Luckily the sound card performs better with other programs, but really badly with MCE and VLC, the two programs I use most. When selecting SPDIF out in VLC, all I got was fuzz from the speakers, like a radio with no aerial.

After spending far too much time trying to resolve my problem, and downloading multiple drivers (people have taken to making their own now) and checking forums… it appeared that Cmedia didn’t actually use their message board, or release new drivers, in fact it seemed that although they marketed the card pretty well, they didn’t actually support it at all! (for horrifiying evidence of this, check here: Cmedia support forum)

So, I was now about £30 out of pocket, and connected my amp up with the normal 3.5mm -> RCA jack, when it hit me. I had more outputs!  of course… analog outputs… this would enable me to use DDL and give me 6.1 sound all at once! so I headed over to dealextreme.com and bought a few 3.5mm -> RCA jack leads (cost about 80p each inc postage) and hooked them up to my stereo like so (I didn’t use the digital our, mic in, or analog line in, and my card looks different to this one below):

Analog audio connections

Analog audio connections

My amp (Denon 1507, click the image for full size):

Denon 1507 inputs

Denon 1507 inputs

See those 8 little inputs in the bottom left corner? thats the EXT input (sometimes called 7.1 or 8.1 input) where you can match up the RCA leads from the sound card, to these sockets.

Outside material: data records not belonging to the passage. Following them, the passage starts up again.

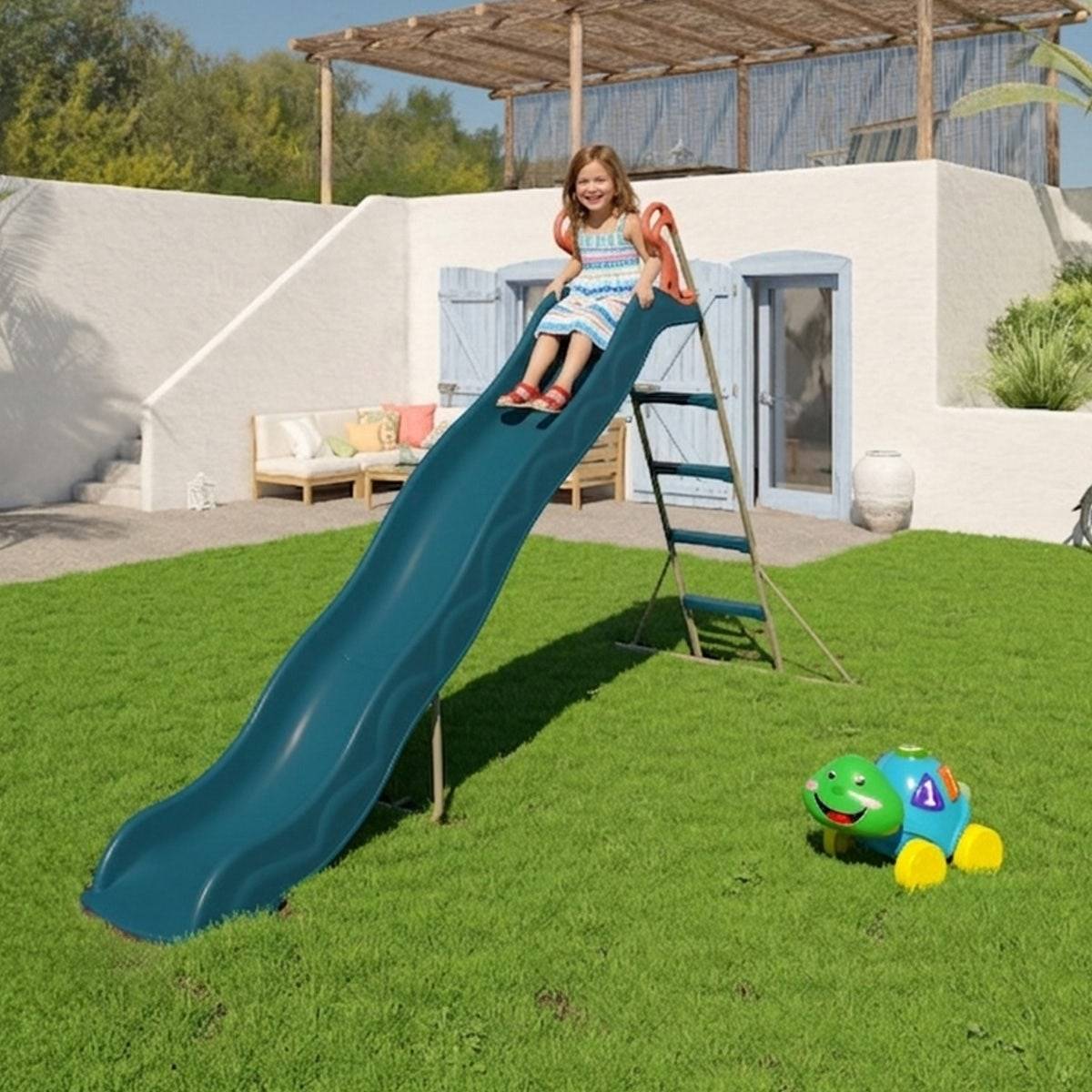 Trigano Jardin - Toboggan Actou bleu 3 m plateforme 1,45 m 3 12 ans Trigano - Image 6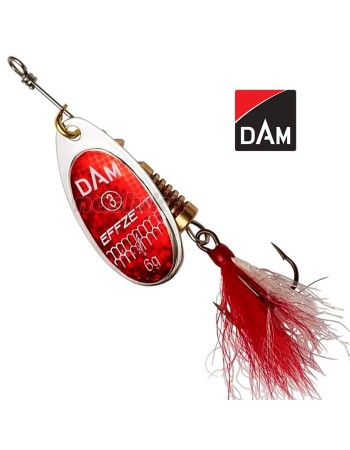 Въртяща блесна с атрактор DAM Standard Dressed Spinner, цвят Reflex Red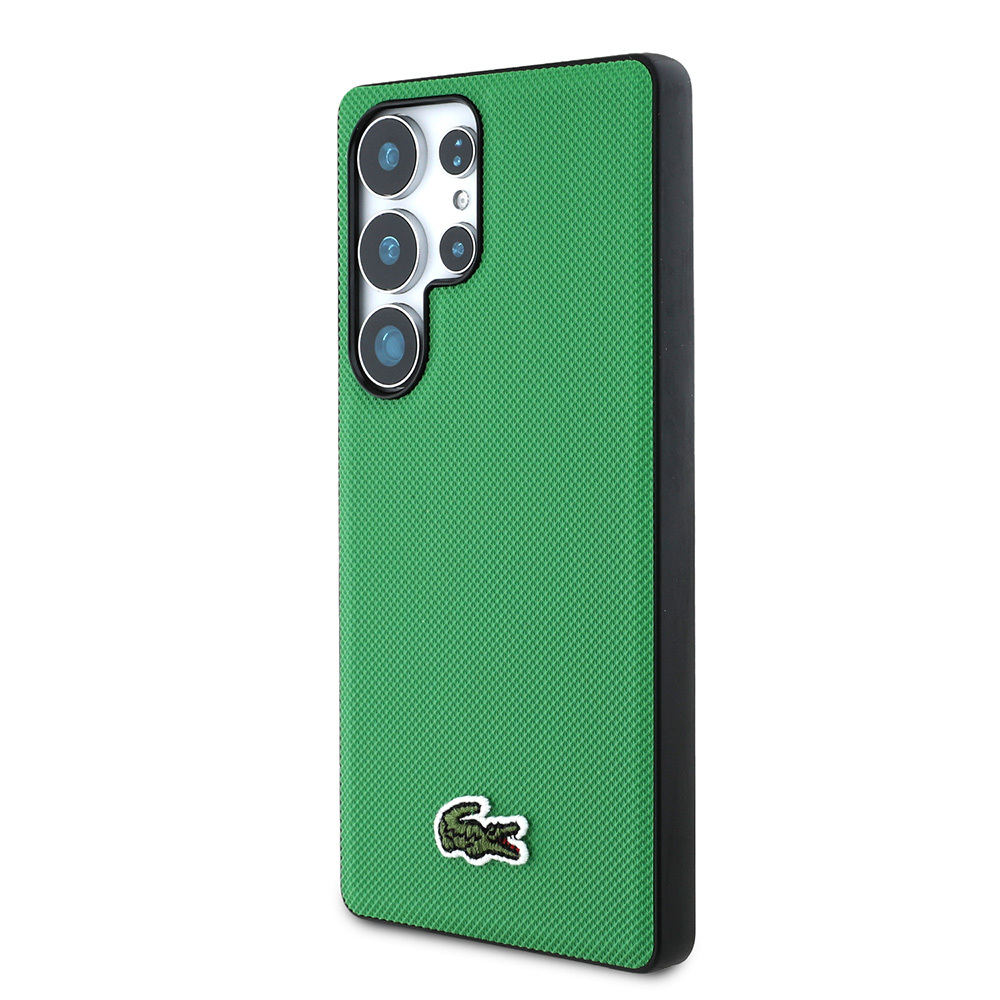 Samsung Galaxy S25 Ultra Uyumlu Kılıf Lacoste Orjinal Lisanslı PU Pike Desenli Arka Yüzey İkonik Timsah Dokuma Logolu Kapak - 1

So now I had it… my sound card worked (when it wasn’t actually seated properly into the motherboard…when it was, it wasn’t recognised) – and without the use of SPDIF, freeing up that input on my amp for my 360, or whatever else. I did have a few problems with the card outputting channels in a different order to what was described, but that was quickly solved by just swapping round the outputs into the amp. I do have a bit of a hiss on my front right speaker, but I can’t say that the card is definitley to blame for that, as it is probably a lose lead somewhere.

My advice: If anyone has an old sound card laying around, and a nice AV receiver – try the old sound card and a few RCA leads first, and see what kind of quality you get. Using the analog outputs means you can have DDL, which means you can play games in surround sound (even most newer games do not output to SPDIF with full surround sound yet). This is a cheaper option, and one that worked very well for me.

PS. if you have vista and want a Cmedia sound card – please just avoid them like the plague.